Since the ANZAC day weekend when many Australians first learned about a novel strain of influenza circulating in Mexico and the United States, there have been different views among health professionals, politicians and the population about how we should react to the influenza pandemic of 2009, still widely referred to as swine flu.
The sorts of questions that people were asking in the early days, and are continuing to ask, were the very obvious things we wanted to know immediately. How serious is swine flu in relation to other seasonal strains of influenza and what are the best ways to manage the pandemic? One general practitioner, writing from Victoria, wondered if we got away with our approach to the pandemic because the virus was relatively mild. As the epidemic moderates, we are in a position to explore some of these issues.

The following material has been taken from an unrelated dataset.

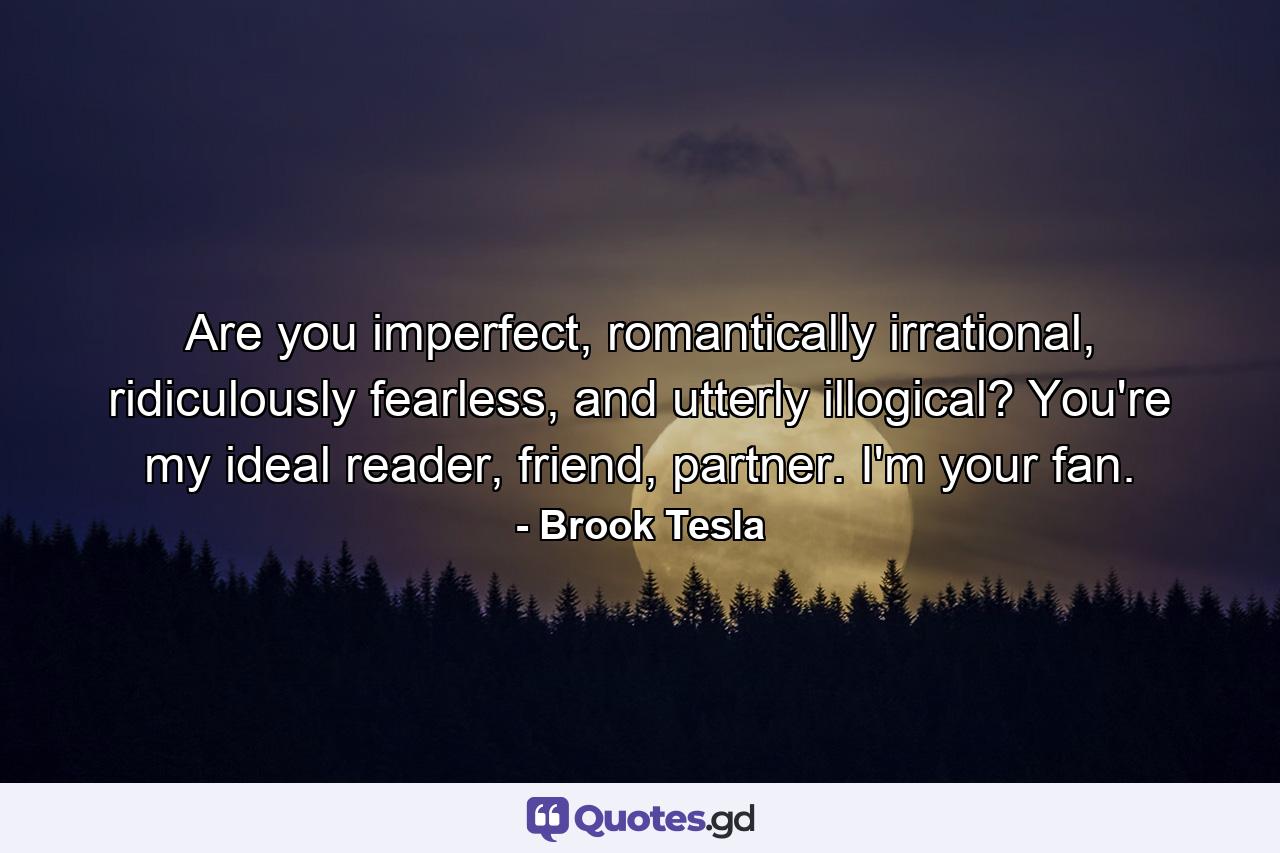 Are you imperfect, romantically irrational, ridiculously fearless, and utterly illogical? You're my ideal reader, friend, partner. I'm your fan. - Quote by Brook Tesla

Unlike countries in the northern hemisphere, Australia experienced the swine flu outbreak when seasonal influenza circulation was expected. Victoria was the first Australian state to report a significant number of cases and the first Australian state to record the epidemic peak. This occurred around the end of June.
The peak was similar to peaks recorded for seasonal influenza in 2003 and 2007, but the 2009 peak may have been inflated by increased presentation to general practitioners. Worried about swine flu, people with an illness that they thought may have been influenza presented to their general practitioner in 2009 when they might have stayed home in any other year.
If this were the case, the swine flu peak comparison, based on the proportion of people presenting to their GP with an influenza-like illness, may not be the most informative comparison.
Another way to look at influenza data over years is to calculate the number of tests that are positive for influenza as a proportion of all tests requested for influenza. Surprisingly, this simple proportion appears to allow comparison of influenza seasons between years and between Australian states. The method corrects for increased testing, which might be associated with higher numbers of influenza diagnoses, but not necessarily higher levels of influenza circulation in the community.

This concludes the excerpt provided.